(Captioned web image data)
════════════════
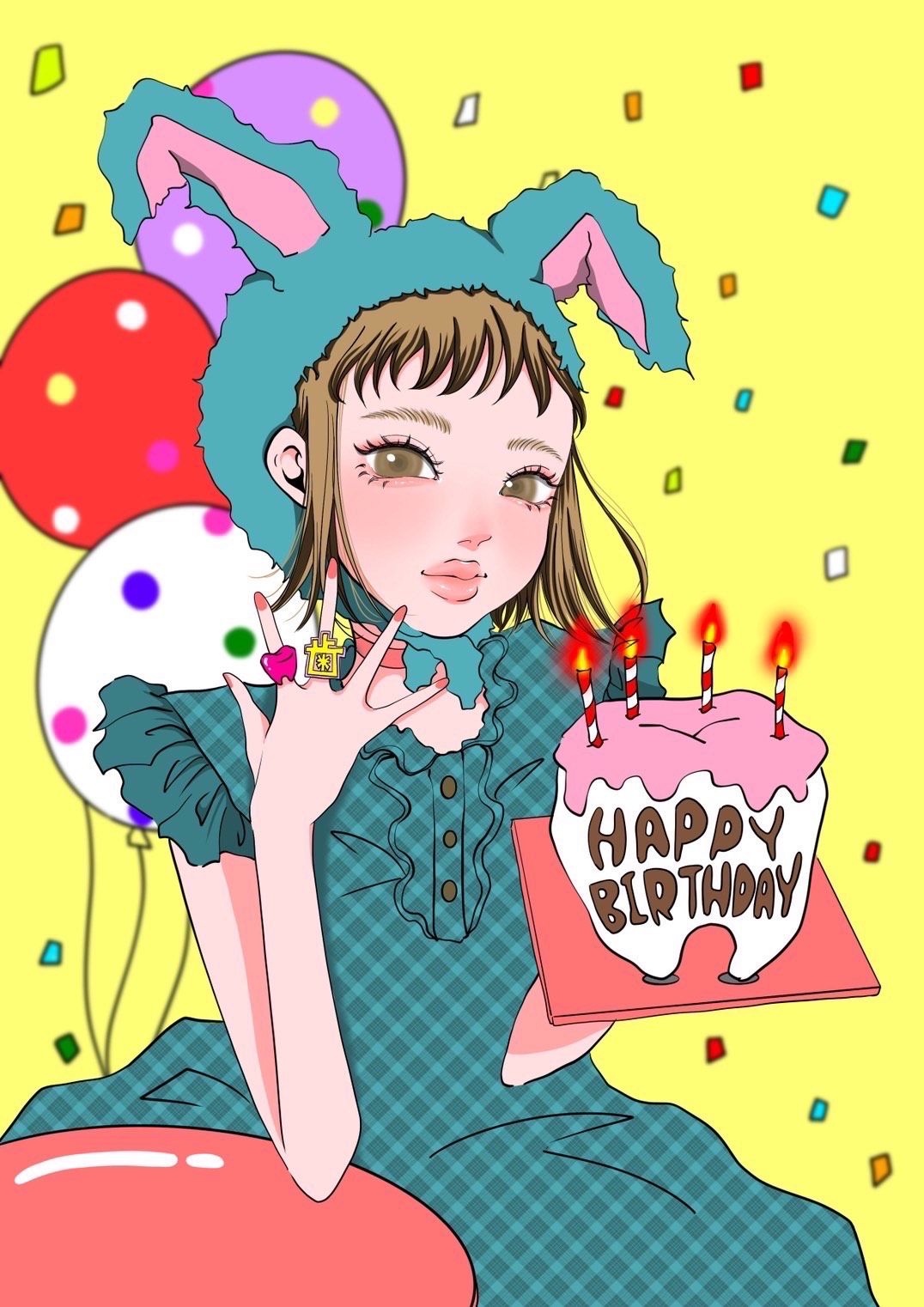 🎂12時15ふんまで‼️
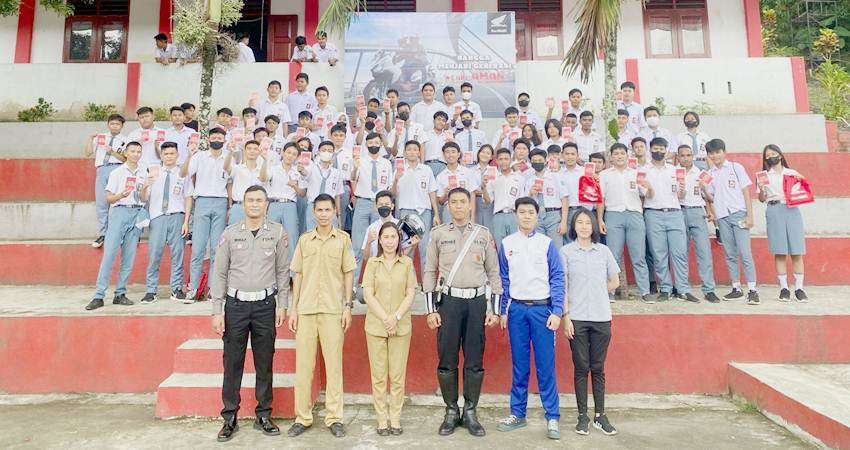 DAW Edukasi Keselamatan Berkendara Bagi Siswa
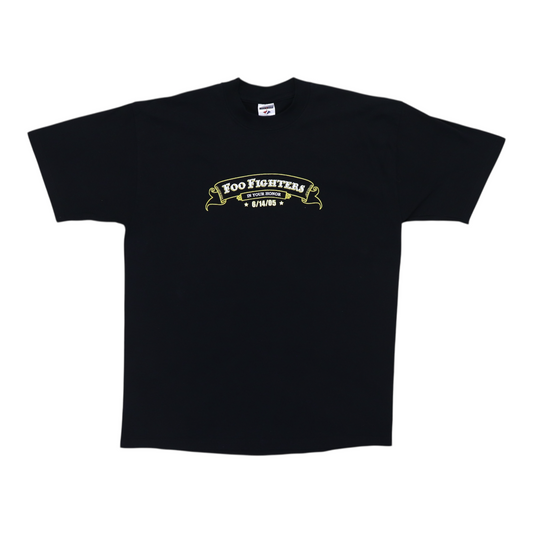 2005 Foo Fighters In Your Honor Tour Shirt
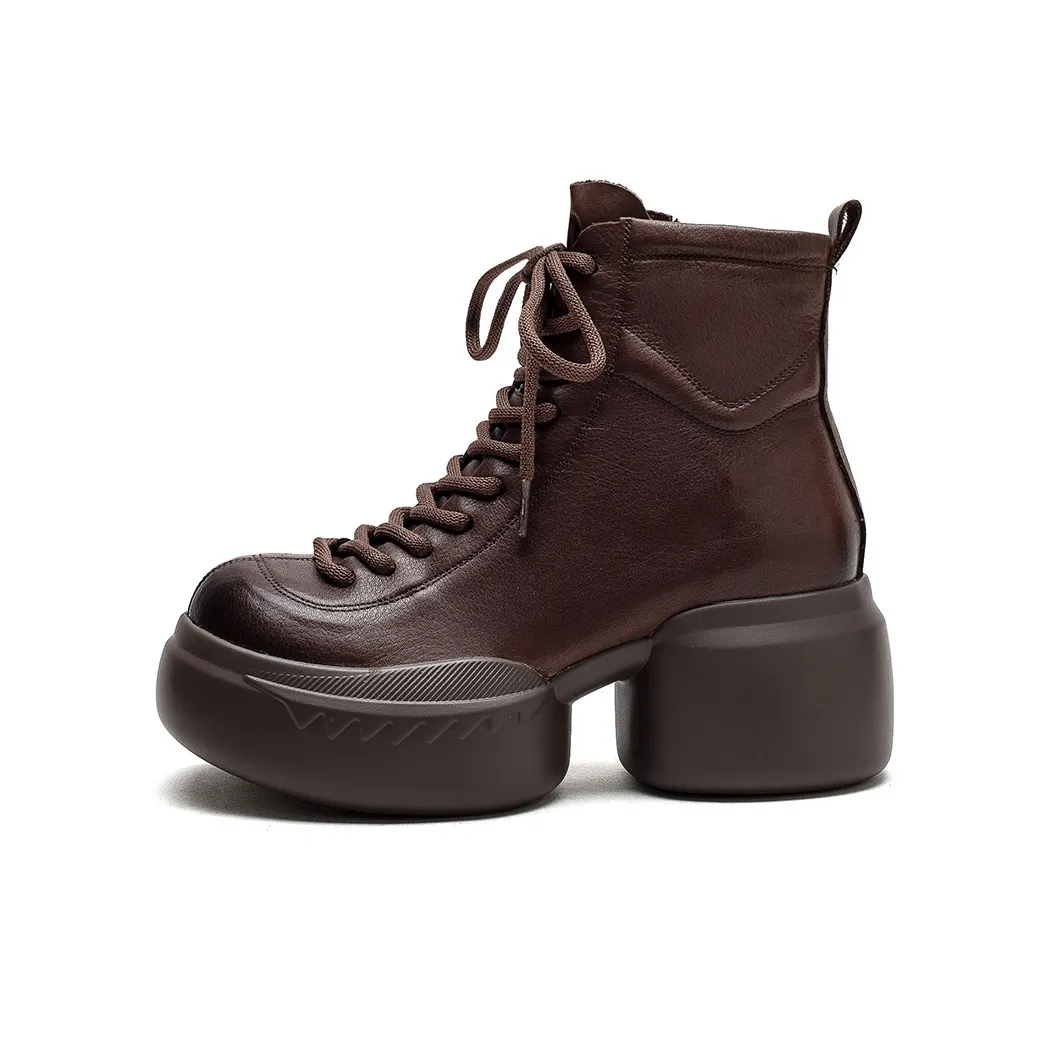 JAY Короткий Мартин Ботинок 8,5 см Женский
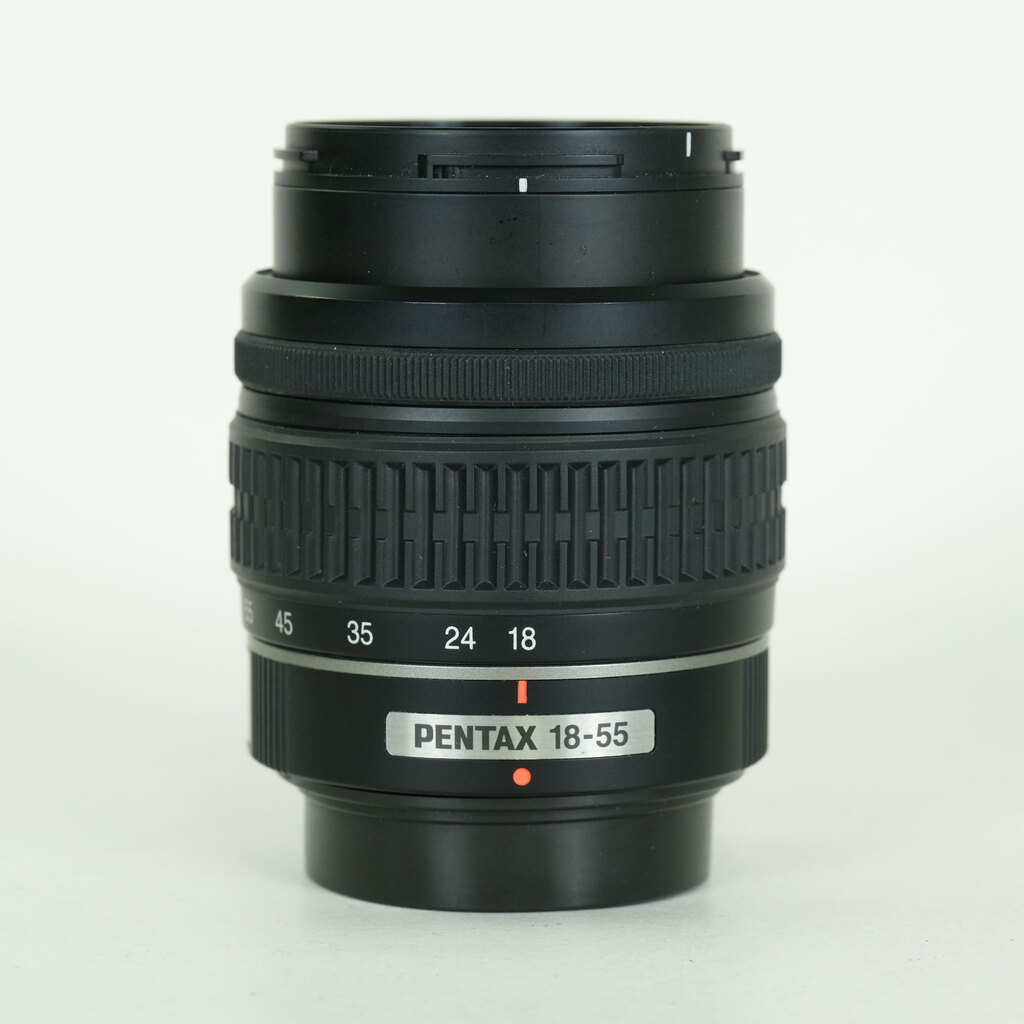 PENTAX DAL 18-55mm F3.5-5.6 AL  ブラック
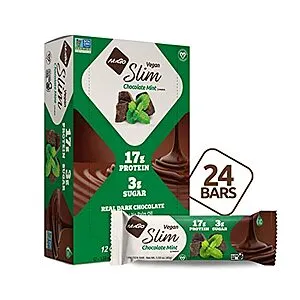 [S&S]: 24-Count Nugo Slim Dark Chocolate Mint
════════════════
* Prompt *
Hand back all the entries exactly, leaving out the pictures.

* Task response *
 🎂12時15ふんまで‼️
 DAW Edukasi Keselamatan Berkendara Bagi Siswa
 2005 Foo Fighters In Your Honor Tour Shirt
 JAY Короткий Мартин Ботинок 8,5 см Женский
 PENTAX DAL 18-55mm F3.5-5.6 AL  ブラック
 [S&S]: 24-Count Nugo Slim Dark Chocolate Mint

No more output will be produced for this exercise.